Немедленно были вызваны из Москвы хирурги. Их было четверо: Поль, Пеликан, Иноземцев и Овер, а для непрестанного наблюдения за раной – только что кончивший курс лучший студент медицинского факультета, Скворцов. Медики приезжали в Братцево каждый день и подолгу совещались, пока больной находился в опасном положении. Чтобы спасти его жизнь, трое из них настаивали на ампутации ноги, и только один Овер не соглашался с их заключением. Такое разногласие, роковое – на жизнь или смерть, предоставлено было решить самому графу. Он согласился с Овером и вместе с жизнью спасена была и нога.
Зная мою безграничную преданность и любовь к графу, вы поймете, в каком удрученном, невыносимо бедственном состоянии проводил я гибельные дни и минуты, пока отупелое отчаяние не прояснилось первыми проблесками надежды.
Страшное событие совсем отшибло мне память.
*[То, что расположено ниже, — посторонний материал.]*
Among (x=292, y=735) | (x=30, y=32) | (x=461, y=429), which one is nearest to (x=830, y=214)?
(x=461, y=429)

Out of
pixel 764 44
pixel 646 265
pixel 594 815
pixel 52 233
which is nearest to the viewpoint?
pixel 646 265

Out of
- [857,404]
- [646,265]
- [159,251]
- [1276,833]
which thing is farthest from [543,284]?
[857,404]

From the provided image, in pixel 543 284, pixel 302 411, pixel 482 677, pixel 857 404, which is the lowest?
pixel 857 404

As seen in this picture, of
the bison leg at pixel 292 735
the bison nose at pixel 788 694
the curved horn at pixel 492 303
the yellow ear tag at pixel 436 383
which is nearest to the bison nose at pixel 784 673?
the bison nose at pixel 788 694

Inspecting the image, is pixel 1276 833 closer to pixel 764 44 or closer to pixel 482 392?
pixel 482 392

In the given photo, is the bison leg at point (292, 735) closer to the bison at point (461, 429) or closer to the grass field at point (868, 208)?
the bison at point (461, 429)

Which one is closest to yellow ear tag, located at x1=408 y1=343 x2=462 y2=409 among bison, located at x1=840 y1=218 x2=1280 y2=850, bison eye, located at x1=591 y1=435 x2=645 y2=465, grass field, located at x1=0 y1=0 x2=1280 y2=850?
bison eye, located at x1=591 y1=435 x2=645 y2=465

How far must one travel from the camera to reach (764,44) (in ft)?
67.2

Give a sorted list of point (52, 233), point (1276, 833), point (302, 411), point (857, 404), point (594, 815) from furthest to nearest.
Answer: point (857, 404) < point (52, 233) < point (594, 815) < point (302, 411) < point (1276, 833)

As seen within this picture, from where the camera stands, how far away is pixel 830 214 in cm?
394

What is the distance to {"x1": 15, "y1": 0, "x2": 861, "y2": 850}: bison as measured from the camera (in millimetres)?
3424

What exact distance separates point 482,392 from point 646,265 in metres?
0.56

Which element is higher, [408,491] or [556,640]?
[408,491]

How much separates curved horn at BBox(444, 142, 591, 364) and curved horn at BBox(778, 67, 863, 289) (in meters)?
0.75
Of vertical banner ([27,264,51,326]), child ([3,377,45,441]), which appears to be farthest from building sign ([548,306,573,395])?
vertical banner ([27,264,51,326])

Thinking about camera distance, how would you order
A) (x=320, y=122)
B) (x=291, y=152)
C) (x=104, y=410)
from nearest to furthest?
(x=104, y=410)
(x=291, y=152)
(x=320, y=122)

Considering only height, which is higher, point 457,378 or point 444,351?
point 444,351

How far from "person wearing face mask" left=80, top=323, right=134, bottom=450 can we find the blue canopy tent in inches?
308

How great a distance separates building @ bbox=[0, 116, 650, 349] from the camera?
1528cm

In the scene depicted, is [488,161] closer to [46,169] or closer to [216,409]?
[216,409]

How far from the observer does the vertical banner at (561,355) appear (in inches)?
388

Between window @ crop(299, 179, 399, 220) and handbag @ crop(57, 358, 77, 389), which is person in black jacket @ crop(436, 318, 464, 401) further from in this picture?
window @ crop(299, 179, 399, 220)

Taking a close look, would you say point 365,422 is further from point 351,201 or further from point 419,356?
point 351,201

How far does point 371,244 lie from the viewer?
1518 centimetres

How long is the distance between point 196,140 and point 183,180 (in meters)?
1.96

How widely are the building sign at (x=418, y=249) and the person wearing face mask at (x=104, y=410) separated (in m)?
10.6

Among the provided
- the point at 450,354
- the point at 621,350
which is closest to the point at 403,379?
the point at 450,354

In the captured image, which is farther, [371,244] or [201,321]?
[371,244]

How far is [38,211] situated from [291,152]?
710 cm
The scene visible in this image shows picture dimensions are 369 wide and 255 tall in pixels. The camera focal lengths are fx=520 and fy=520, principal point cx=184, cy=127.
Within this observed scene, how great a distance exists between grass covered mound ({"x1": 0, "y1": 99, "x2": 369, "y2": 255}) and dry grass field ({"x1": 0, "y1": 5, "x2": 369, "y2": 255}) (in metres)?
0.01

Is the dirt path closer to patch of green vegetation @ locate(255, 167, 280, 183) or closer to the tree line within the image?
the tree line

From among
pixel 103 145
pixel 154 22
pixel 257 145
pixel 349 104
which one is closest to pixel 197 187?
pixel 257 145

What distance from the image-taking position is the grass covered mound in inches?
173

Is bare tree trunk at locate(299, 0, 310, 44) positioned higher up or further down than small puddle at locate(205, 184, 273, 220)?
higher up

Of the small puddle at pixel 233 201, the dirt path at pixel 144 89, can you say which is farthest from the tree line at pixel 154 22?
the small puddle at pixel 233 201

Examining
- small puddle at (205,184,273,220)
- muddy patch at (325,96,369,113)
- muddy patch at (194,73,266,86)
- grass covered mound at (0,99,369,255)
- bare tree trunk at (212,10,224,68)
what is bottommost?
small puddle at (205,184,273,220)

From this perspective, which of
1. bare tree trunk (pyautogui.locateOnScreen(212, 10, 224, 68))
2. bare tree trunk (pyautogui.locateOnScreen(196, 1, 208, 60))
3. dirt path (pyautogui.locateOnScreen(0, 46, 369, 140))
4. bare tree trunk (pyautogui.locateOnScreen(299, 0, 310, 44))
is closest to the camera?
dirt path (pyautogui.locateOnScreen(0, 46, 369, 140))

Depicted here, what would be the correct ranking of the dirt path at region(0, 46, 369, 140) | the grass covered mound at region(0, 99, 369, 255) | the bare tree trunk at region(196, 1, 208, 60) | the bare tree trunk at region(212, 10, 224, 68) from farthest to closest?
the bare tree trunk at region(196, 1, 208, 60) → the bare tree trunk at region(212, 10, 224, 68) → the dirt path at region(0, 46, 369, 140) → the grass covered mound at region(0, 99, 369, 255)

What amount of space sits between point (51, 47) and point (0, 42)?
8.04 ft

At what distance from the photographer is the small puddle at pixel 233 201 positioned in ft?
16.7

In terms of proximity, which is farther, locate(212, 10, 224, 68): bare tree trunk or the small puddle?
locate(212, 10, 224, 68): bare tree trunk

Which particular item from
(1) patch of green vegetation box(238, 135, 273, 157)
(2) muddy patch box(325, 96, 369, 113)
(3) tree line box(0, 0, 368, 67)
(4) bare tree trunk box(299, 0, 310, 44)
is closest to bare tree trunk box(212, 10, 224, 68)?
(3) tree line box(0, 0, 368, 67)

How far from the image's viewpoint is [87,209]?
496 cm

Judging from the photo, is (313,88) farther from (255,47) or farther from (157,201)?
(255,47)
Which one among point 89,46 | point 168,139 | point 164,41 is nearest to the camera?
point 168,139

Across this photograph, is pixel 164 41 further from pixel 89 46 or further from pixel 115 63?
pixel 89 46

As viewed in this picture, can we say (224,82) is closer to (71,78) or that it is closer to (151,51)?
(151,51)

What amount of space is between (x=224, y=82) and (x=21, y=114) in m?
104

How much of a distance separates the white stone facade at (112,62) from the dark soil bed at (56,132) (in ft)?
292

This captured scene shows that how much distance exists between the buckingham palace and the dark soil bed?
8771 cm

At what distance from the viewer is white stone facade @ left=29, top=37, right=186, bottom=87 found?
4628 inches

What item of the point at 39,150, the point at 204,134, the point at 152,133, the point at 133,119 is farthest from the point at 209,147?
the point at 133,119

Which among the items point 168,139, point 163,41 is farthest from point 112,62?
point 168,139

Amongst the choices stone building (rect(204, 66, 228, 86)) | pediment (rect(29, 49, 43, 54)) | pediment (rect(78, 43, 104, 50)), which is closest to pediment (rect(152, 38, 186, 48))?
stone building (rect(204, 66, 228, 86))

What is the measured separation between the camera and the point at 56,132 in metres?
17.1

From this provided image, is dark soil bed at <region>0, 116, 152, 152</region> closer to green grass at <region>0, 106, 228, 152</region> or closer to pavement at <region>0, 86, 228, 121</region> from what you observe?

Решительно не могу теперь припомнить, что ему предшествовало и что потом было – ни того, как, приехав в Братцево, я встретился с графом после долгой разлуки, ни даже того, случилось ли мне хоть взглянуть на него, пока он, немножко оправившись, не переехал в Москву. Тупое уныние заволокло непроглядною тучею эту злосчастную годину моей жизни.
Мы поселились на Знаменке в доме князя Гагарина (ныне Бутурлиных), против самой церкви. Моя комната была наверху, окнами на двор. Граф оставил меня при себе, поручив мне давать уроки обеим его дочерям и младшему из моих учеников, Григорию Сергеевичу, так как Павел Сергеевич, выдержав экзамен, поступил в московский университет по юридическому факультету. Кроме того, я определен был учителем в третью московскую гимназию, что на Лубянке, называвшуюся тогда реальною. На домашние и гимназические уроки приходилось на каждый день не больше трех часов, и мне оставалось много времени для моих собственных занятий.
Как за границею граф постоянно руководствовал меня своими указаниями и советами, так и теперь, когда я принял на себя официальную обязанность учительства, он признал нужным и необходимым, чтобы я ознакомился с педагогическою и дидактическою литературою, из которой все лучшее было собрано в его библиотеке. Хотя я и приобрел на практике некоторый навык в преподавании русского языка и словесности, но как самоучка не умел давать себе ясного отчета в выборе дидактических приемов и особенно затруднялся, как следует вести дело с многолюдным классом учебного заведения. Мне недоставало теории, которая расширила бы мой кругозор. На первый раз граф дал мне сочинения Дистервега и швейцарца Магера (Mager), который по французскому произношению назывался также Маже. Первый был наставителен для меня своею основательностью, а второй – широкими взглядами и размашистыми планами, которые хотя и не всегда могли быть оправданы на деле, но давали, однако, новые точки зрения и наводили на разные вопросы.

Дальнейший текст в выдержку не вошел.